# Exercise requirements
Find the line with "110V Electric Clay Pot Slow Cooker" in the data below. Repeat it and every line after it exactly, but not the pictures.

Records from a data collection:
※

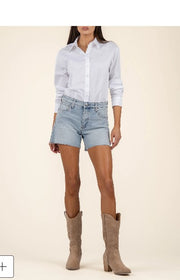 KUT JANE HIGH RISE LONG VINTAGE SHORTS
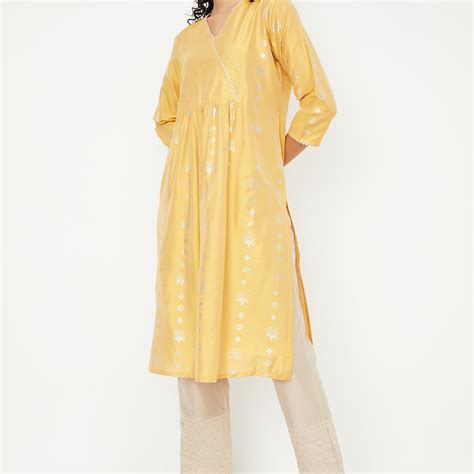 Buy Women Foil Printed Angarkha Kurta Online at just Rs. 599.0 ...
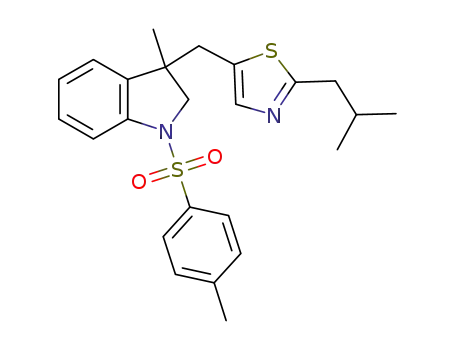 2-isobutyl-5-((3-methyl-1-tosylindolin-3-yl)methyl)thiazole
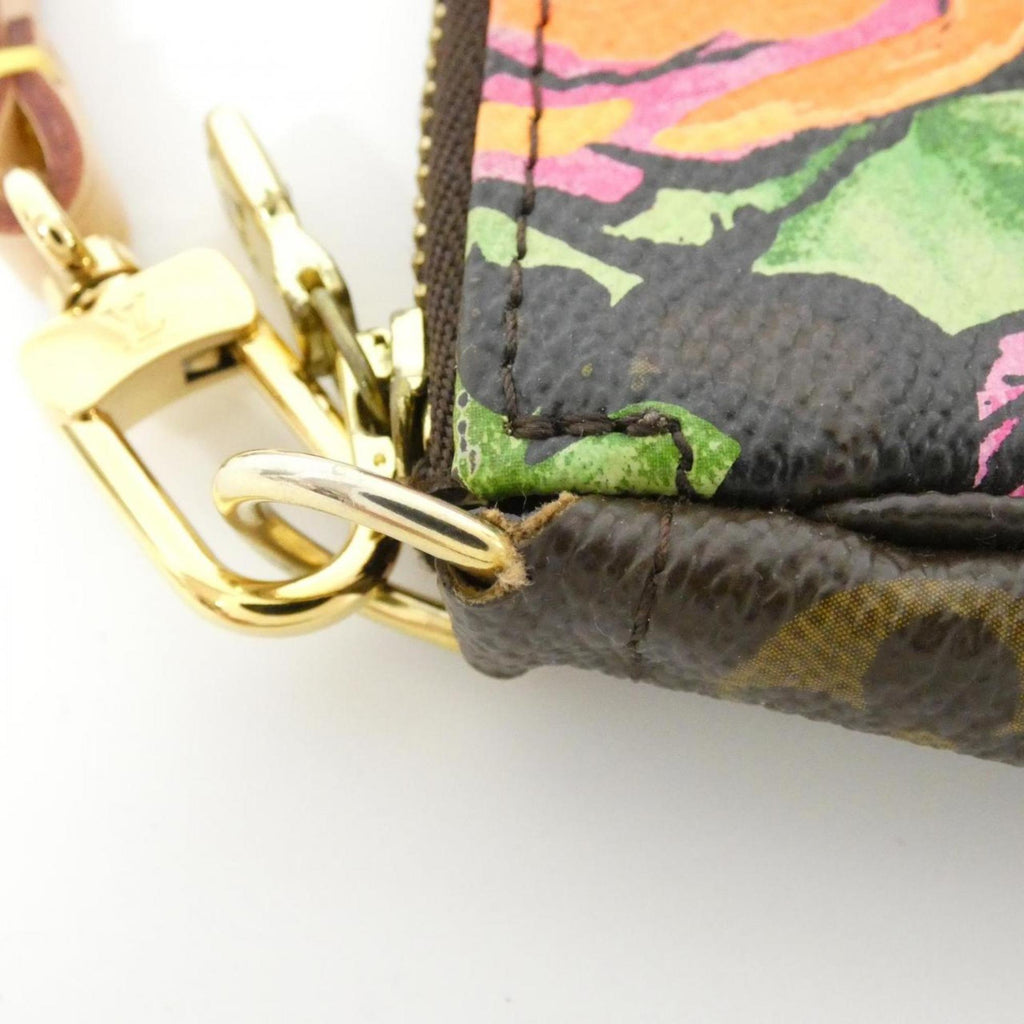 Louis Vuitton Brown Monogram Rose Coated Canvas Pochette Pouch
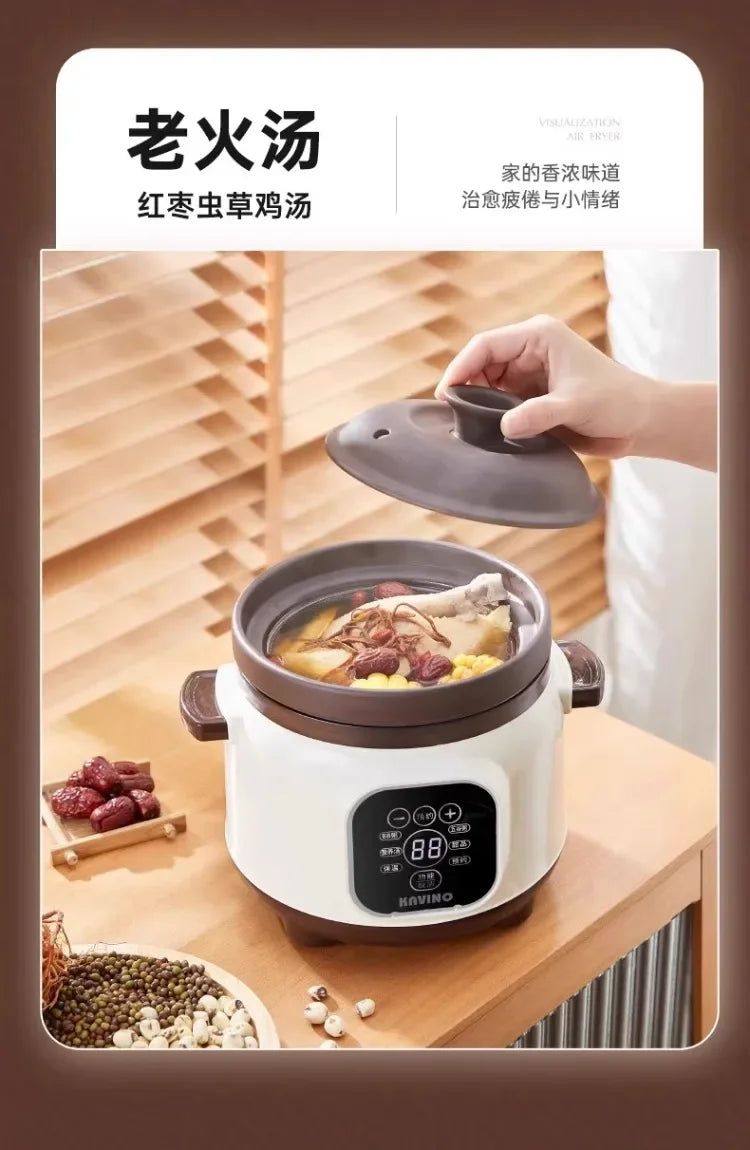 110V Electric Clay Pot Slow Cooker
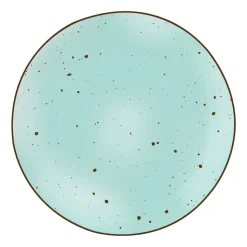 Zestaw obiadowy z porcelany na 4 osoby MG Home Gemma Green, 12 elementów, zielony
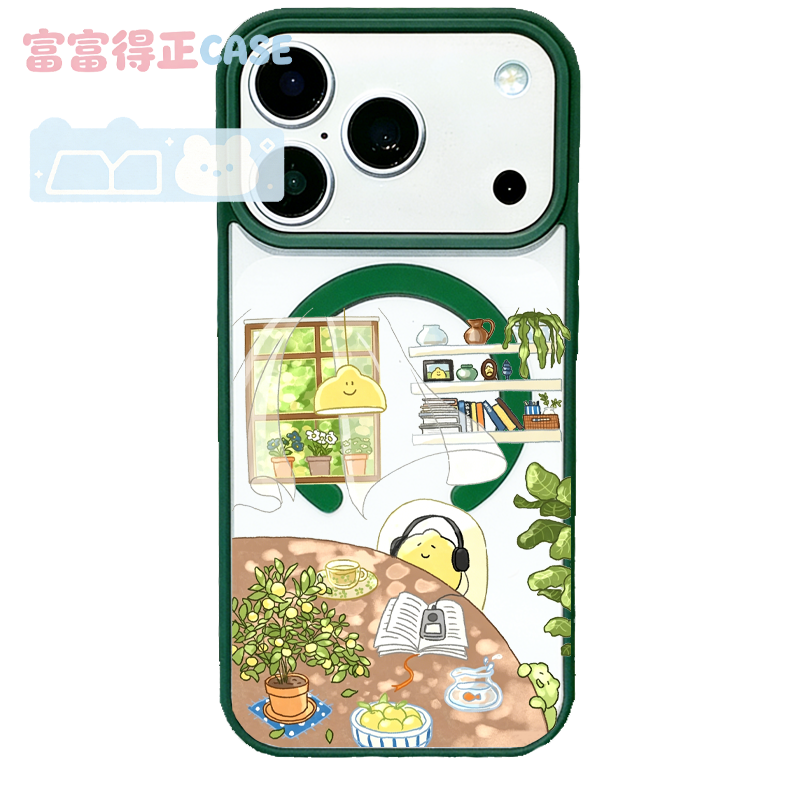 适用于苹果17promax三星联名Second Morning柠檬手机壳16EMagsafe弱磁吸15Pro亚克力14Pro苹果11打开窗户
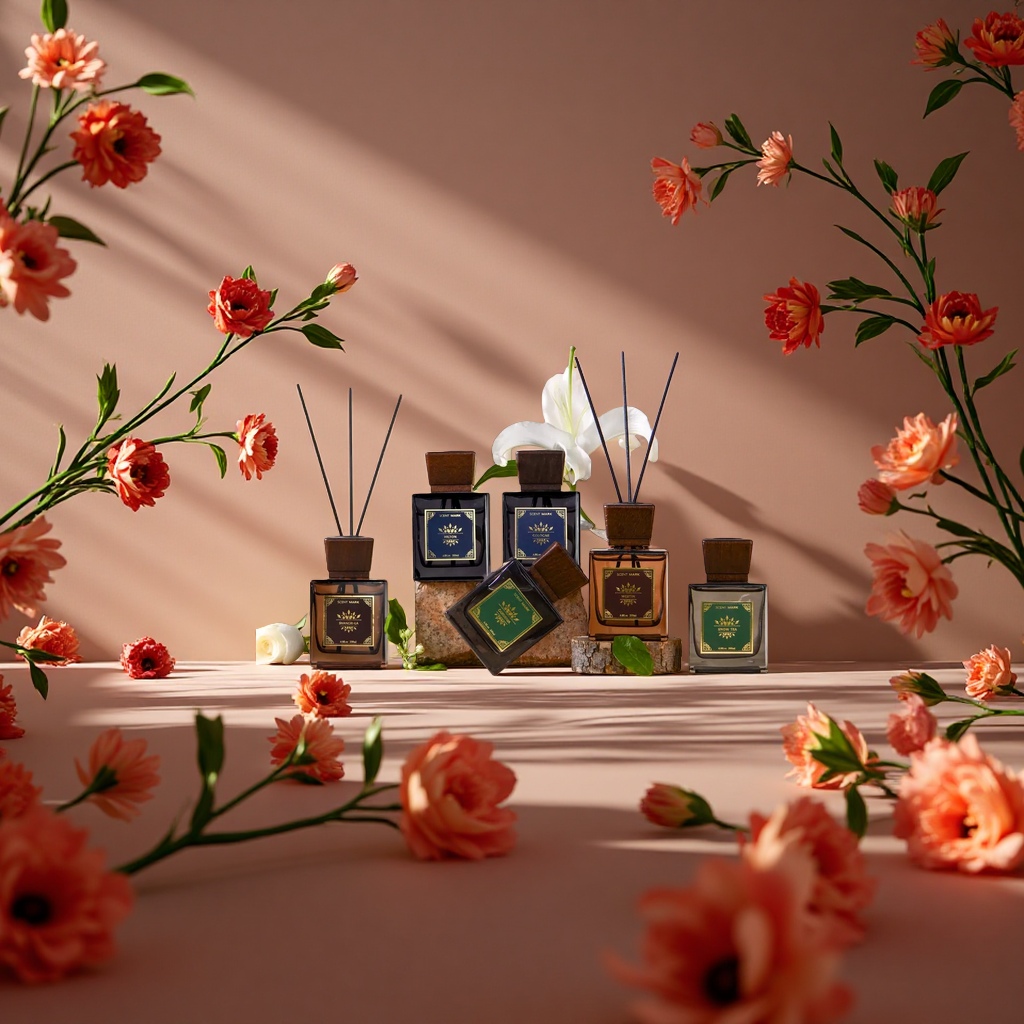 香薰蜡烛工具实物图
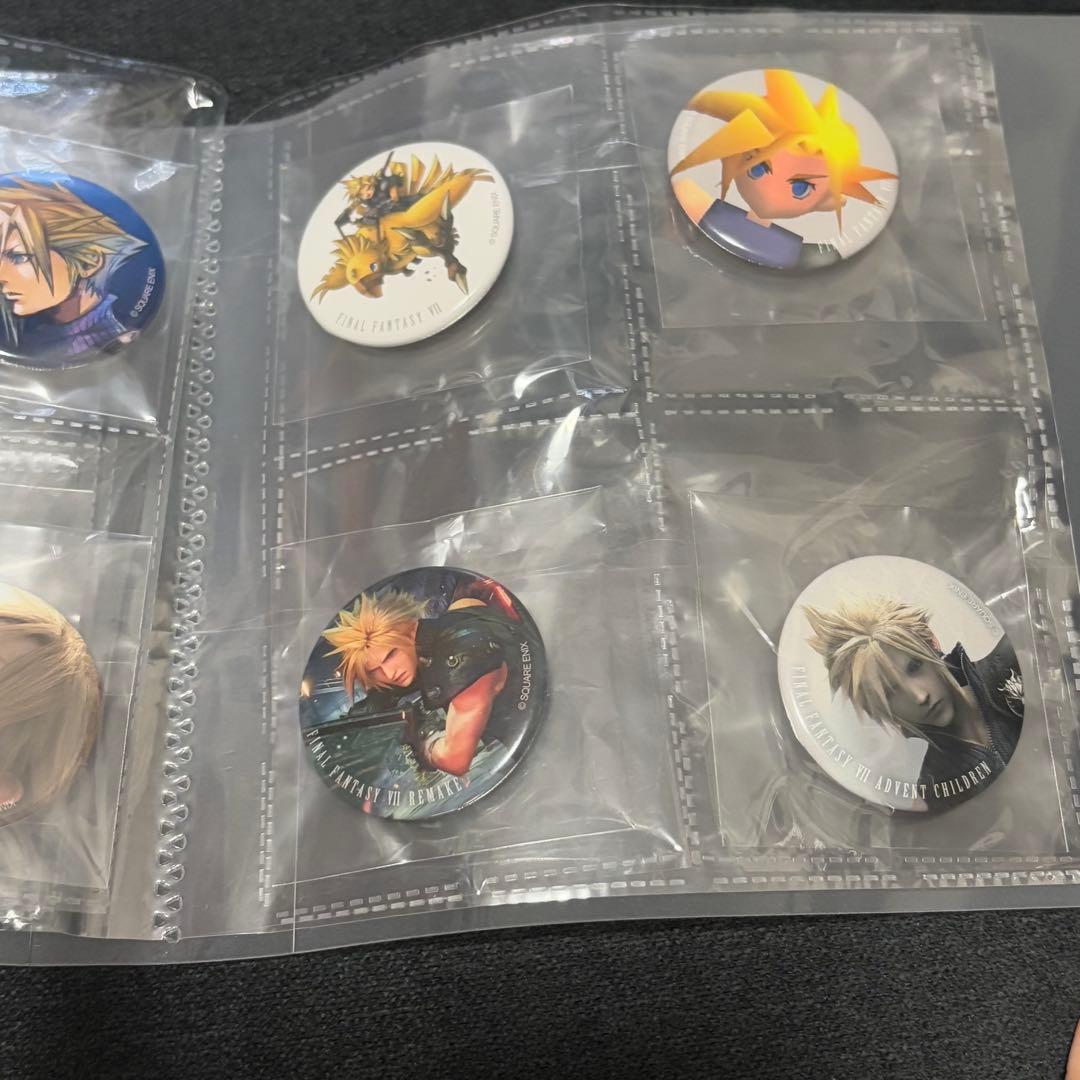 ファイナルファンタジーVII 缶バッジコレクション クラウド　Vol.1、2全種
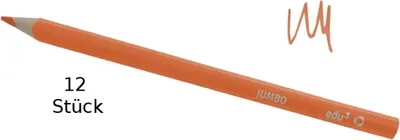 Produktbild von edu3 Jumbo Farbstifte Dreikant 12 Buntstifte orange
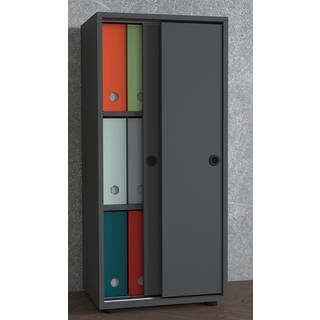 VCM Büroschrank mit 3 Fächern | moderner Aktenschrank mit Schiebetüren | Maße ca. H. 109 x B. 49 x T. 38 cm – Ulas 3-Fach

※

# Task answer
 110V Electric Clay Pot Slow Cooker
 Zestaw obiadowy z porcelany na 4 osoby MG Home Gemma Green, 12 elementów, zielony
 适用于苹果17promax三星联名Second Morning柠檬手机壳16EMagsafe弱磁吸15Pro亚克力14Pro苹果11打开窗户
 香薰蜡烛工具实物图
 ファイナルファンタジーVII 缶バッジコレクション クラウド　Vol.1、2全種
 Produktbild von edu3 Jumbo Farbstifte Dreikant 12 Buntstifte orange
 VCM Büroschrank mit 3 Fächern | moderner Aktenschrank mit Schiebetüren | Maße ca. H. 109 x B. 49 x T. 38 cm – Ulas 3-Fach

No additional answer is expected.